Skip to content

Retry

When an upstream returns a retryable error, Smart Router rotates to a different provider and tries again. The pool is filtered to providers that haven't already failed for this relay; the selection policy picks the next candidate.

What's retryable

The error classifier (protocol/common/error_classifier.go) decides per-error:

Class Examples Behaviour
Retryable network timeout, 5xx upstream response, RPC Server error codes, transient JSON-RPC errors rotate provider, retry
Terminal client errors (4xx), bad request shape, signed-tx already-known return to caller immediately
Unsupported method upstream doesn't expose this method (-32601, "method not found") non-retryable; surface to caller

Same-response retries are deduplicated: if two providers return the identical response, Smart Router won't burn a third attempt looking for a different answer. The dedup is a hash cache in protocol/lavaprotocol/relay_retries_manager.go.

Limits

Limit Value Notes
Max attempts per relay 10 hardcoded constant MaximumNumberOfTickerRelayRetries
Overall budget --default-processing-timeout ends retries even if attempts remain
Per-attempt budget --min-relay-timeout floor, or lava-relay-timeout header retries get the same per-attempt timeout

The 10-attempt cap is not currently exposed as a YAML knob.

When retries kick in

Retries are always on for retryable errors. There's no opt-out for individual relays.
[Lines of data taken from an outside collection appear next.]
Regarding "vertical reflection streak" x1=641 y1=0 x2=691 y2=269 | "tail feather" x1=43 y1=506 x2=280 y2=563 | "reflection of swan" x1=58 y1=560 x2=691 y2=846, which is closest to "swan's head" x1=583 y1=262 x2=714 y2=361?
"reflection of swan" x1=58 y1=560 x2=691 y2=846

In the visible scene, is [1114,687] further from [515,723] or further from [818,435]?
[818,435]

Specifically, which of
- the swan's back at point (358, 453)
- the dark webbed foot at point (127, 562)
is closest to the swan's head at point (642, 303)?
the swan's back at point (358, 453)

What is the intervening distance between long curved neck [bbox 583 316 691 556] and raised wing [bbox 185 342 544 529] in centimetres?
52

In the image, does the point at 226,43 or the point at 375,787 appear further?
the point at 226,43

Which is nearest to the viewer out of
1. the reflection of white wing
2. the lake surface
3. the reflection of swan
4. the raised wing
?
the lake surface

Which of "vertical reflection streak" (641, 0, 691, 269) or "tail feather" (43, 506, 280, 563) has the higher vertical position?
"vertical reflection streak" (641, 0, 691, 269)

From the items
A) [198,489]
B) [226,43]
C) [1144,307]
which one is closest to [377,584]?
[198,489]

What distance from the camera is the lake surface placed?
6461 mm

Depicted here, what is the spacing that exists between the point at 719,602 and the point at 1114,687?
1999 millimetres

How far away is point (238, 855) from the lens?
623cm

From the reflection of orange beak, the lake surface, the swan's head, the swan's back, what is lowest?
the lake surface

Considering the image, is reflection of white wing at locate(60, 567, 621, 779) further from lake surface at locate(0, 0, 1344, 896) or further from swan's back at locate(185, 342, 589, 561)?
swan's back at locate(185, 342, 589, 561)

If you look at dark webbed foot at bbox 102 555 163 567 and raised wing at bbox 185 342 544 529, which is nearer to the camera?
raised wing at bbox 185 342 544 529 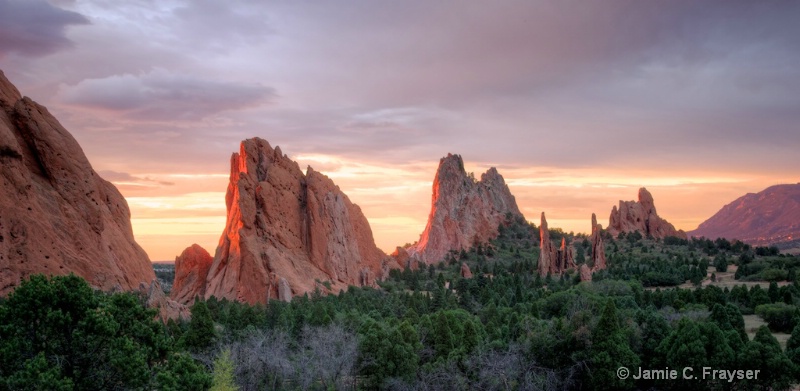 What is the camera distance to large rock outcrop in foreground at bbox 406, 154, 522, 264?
5822 inches

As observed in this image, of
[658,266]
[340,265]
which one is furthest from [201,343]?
[658,266]

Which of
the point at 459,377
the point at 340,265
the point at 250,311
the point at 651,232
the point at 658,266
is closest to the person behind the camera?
the point at 459,377

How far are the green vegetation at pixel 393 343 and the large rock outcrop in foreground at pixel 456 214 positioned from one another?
64847mm

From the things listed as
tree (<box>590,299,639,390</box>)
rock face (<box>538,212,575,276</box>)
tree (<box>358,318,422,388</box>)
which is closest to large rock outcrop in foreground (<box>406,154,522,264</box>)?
rock face (<box>538,212,575,276</box>)

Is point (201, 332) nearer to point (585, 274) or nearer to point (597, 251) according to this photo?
point (585, 274)

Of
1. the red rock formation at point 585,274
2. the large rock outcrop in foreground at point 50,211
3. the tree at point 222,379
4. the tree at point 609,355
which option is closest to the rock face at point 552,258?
the red rock formation at point 585,274

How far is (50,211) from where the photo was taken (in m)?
58.2

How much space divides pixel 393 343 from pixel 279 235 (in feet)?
153

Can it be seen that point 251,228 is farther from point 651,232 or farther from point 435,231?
point 651,232

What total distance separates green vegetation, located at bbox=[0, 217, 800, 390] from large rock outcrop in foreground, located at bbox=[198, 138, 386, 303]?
8.07 metres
If you want a single attempt with no retry on failure, the closest control is to lower the overall --default-processing-timeout and accept that the first failure surfaces immediately — but you'll lose other failover behaviour at the same time.

When retries don't help

Some classes of failure look retryable on the wire but won't recover by switching providers — for example:

  • A bad request (malformed JSON, unknown method) — always terminal.
  • A consensus-level error returned by every healthy provider (the chain itself rejected it).
  • A method your providers genuinely don't support.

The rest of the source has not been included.